No, This Site Will Not Exchange Links

After the umptieth email from less-than-apt linkbuilders asking if I would like to exchange links, I need to vent.

These days, too many people call themselves SEOs. Technically, majority of them would be really called linkbuilders – but they are not even the kind of linkbuilders I would like to have working on any of my sites. They learn a technique or two like emailing link exchange requests or submitting to directories (any directories, on-topic or not, spammy or not, deindexed or not), or submitting your one article to 1,000 article directories most of which are not even article directories but parts of shitty content networks, half-deindexed, half-spammed to death, and run with it. I am not even talking of the kind that offers to submit your site to 2,500 search engines (ORLY? where did they get so many?). Economically, this model unfortunately still works – for the “linkbuilders”, not for the sites they are building links for. They get hired by clueless marketing managers, often as freelancers, not even as inhouse staff, or they go to oDesk and Fiverr, and they don’t really care about the final result. But they get paid once in a while for what they do, so for them it works fine.
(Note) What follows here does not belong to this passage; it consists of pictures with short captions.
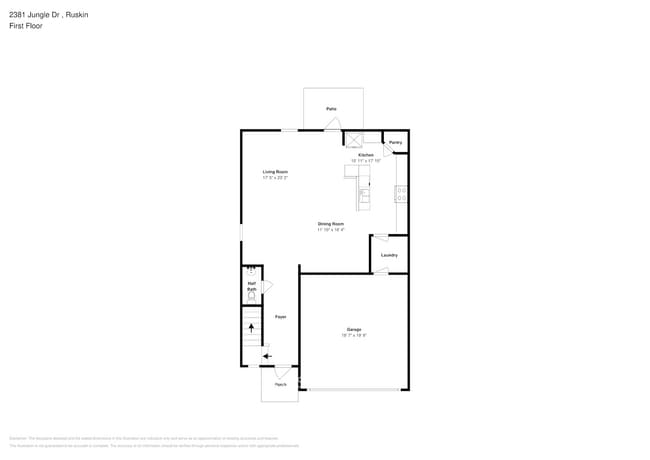 Photo - 2381 Jungle Dr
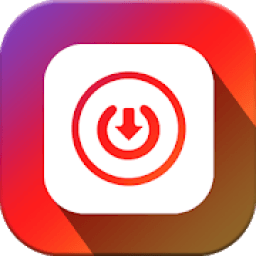 XX Fast Social Video Downloader App आइकन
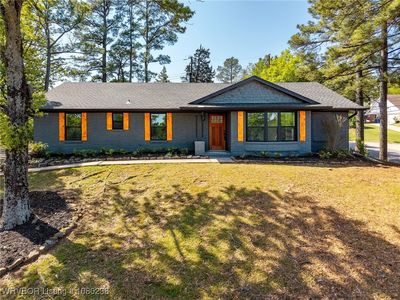 7400 Downing St, Fort Smith, AR, 72903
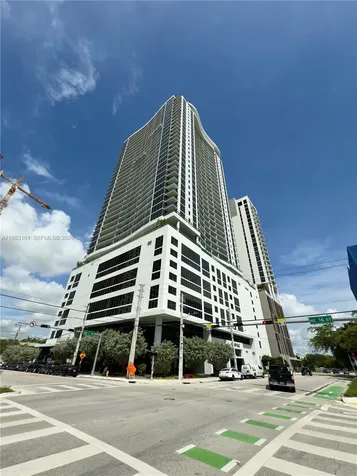 1600 NE 1st Avenue Miami FL 33132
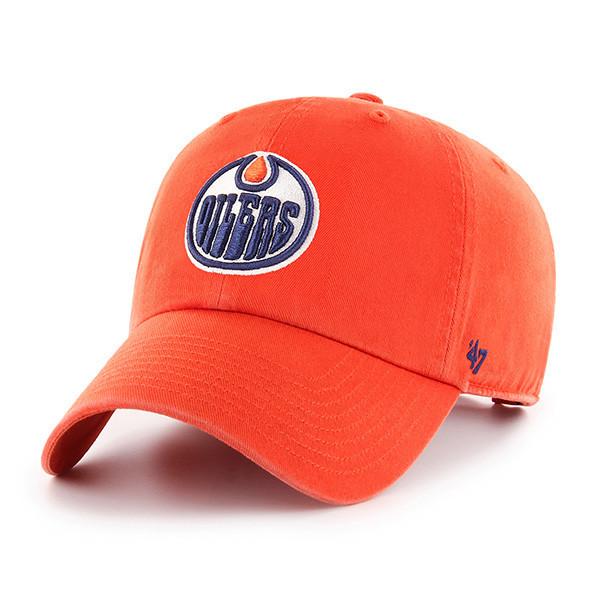 OILERS '47 UP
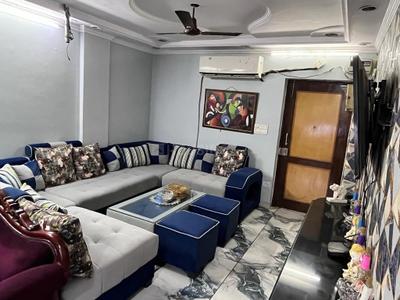 Bedroom Image of 2000 Sq.ft 3 BHK Apartment / Flat for sale in Daryaganj New Delhi for Rs. 18000000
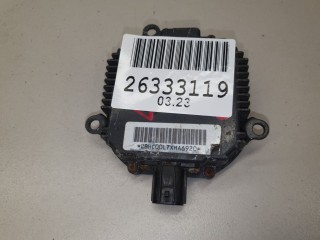 Блок ксеноновой лампы, ориг. номер 33119SJK013, Honda Civic 5D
But problem is, even the techniques they practice they do not ultimately understand or learn properly. They ahve probably never heard of the probability theory and its application in real life, for shortlisting the link targets in our case. The real-life application of the probability theory to linkbuilding would have shown them that if you target a site that (1) does not have a “Partners” section, (2) does not place links to obviously unrelated sites in the sidebar or footer, (3) does not have a miserable 2004 “Link to us” passage anywhere on it and (4) being a site about SEO, never says anything about exchanging links, it is probably a BAD target for link exchange emails. No matter if you pose as a woman when writing such email. No matter what time of day/week you send off your emails. Spamming me with your link exchange emails will not bring any plausible result. EVER. This is not something that could get me interested. Those clueless “gurus” training “linkbuilders” in the third world countries should better start hiring people with education background in psychology – maybe for them it would be easier to understand people’s motivation to take an action, even if the “guru” himself does not understand it.
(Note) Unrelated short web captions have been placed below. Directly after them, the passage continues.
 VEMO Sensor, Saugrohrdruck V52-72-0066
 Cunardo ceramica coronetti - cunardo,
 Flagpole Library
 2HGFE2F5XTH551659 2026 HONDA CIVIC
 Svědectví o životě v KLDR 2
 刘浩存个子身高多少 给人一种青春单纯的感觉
Yes, this is a blackhat SEO blog. Yes, blackhats practice things frowned at by Google. But no, these things are not supposed to not work or be outdated and done by clueless idiots. It’s time to stop ever referring to clueless idiots as blackhats or linkbuilders or SEOs – they are just clueless idiots. I have seen a bunch of them running blackhat tools, too – but just running the tools without a clue won’t get you anywhere.

I don’t even want to get started on specific methods of linkbulding. The value of reciprocal link exchange has ceased to exist around 2006 – nobody in their right mind has been doing it ever since. The value of more complex link exchange schemes can also be questioned after the Penguin update. But do the authors of these link exchange emails even know what I am talking about?
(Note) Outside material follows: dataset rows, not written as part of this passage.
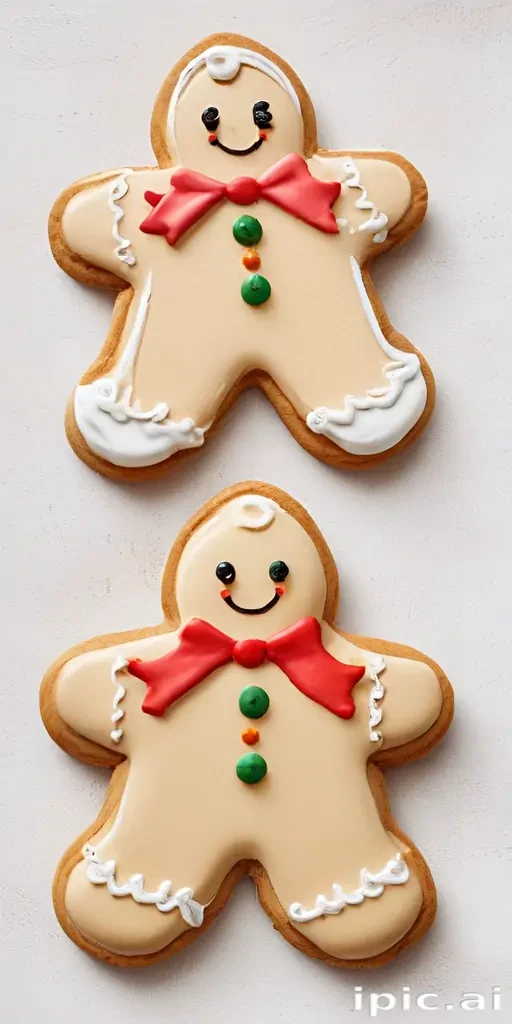 christmas cookies clip art free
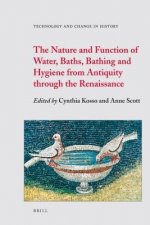 Nature and Function of Water, Baths, Bathing, and Hygiene fr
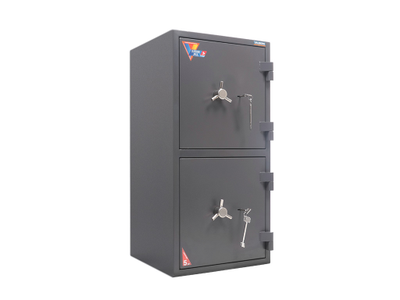 Сейф VALBERG ГРАНИТ 90Т/2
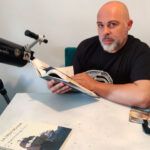 Roberto López del Castillo: Ficción científica con mucha “historia”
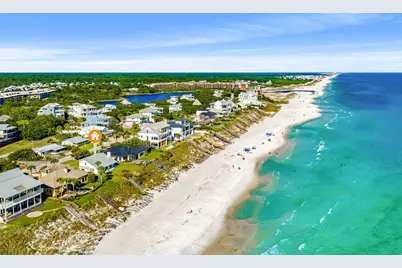 518 Blue Mountain Road, Santa Rosa Beach, FL 32459 - Photo 1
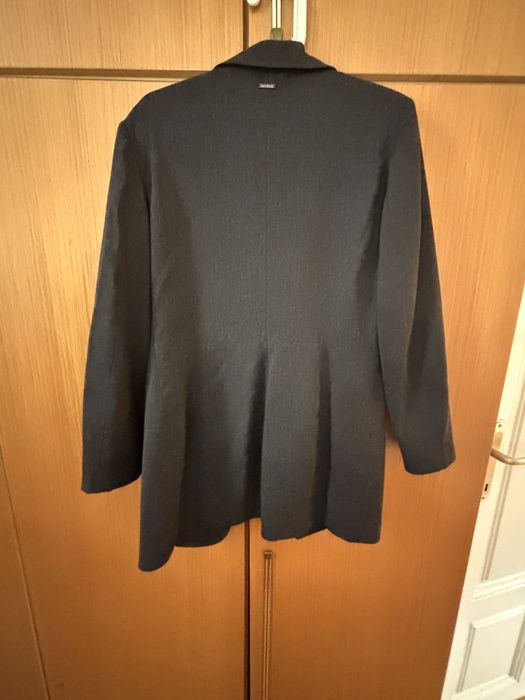 Тъмно сиво сако Lui Jo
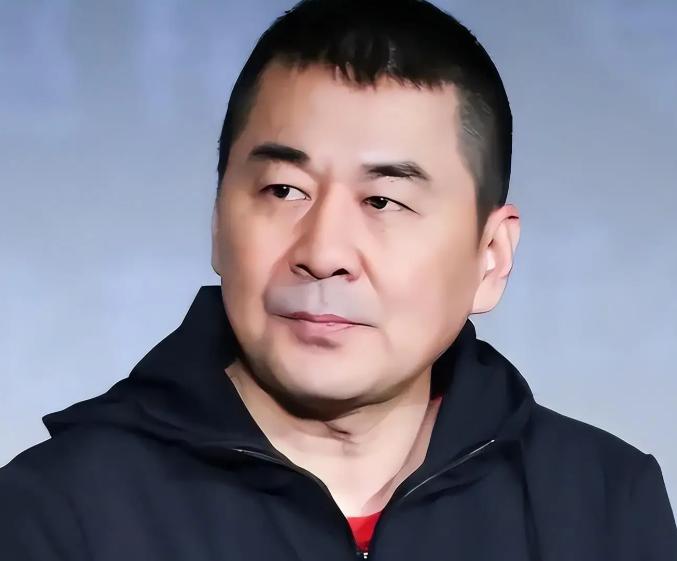 陈建斌说秦海璐老公长得丑，秦海璐没有尬笑，没有打圆场，直接怼了回去。“我老公是丑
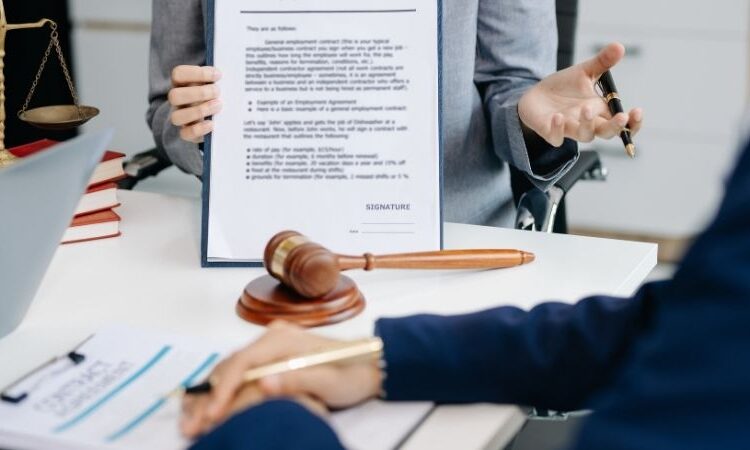 deputyship consulting services london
If we ever talk about the need for certification of some sort in our industry, it should not be to say who’s right and who’s wrong, or who’s “ethical” and who’s not – I hate to apply any ethics talk to what we do. (Getting a porn site to rank for all kinds of keywords a child would be searching is unethical – everything else just goes in terms of whether it conforms to the search engines’ rules or not and whether it works or not, no religion here). Certification is needed to show who is professional and who is a clueless scam. With things changing every day in SEO, the criteria for such certification, however, should not even be if I know how to apply certain meta tags or the exact ways of listing a site in Google Places, or would it be safe to apply any specific technique for a purely theoretical site in question without having the specifics and the overall strategy – but rather, if I can think and get the bigger picture or if I’m a brainless idiot. Coming up with a certification like that is not an easy task of course, but  surely hope our industry will develop in this direction, rather than some nominal testing that becomes obsolete 3 months after it’s passed. If we do that, there will be a much lower chance of people outing themselves or making themselves vulnerable for outing, or even people outing others because there is little more they know how to do.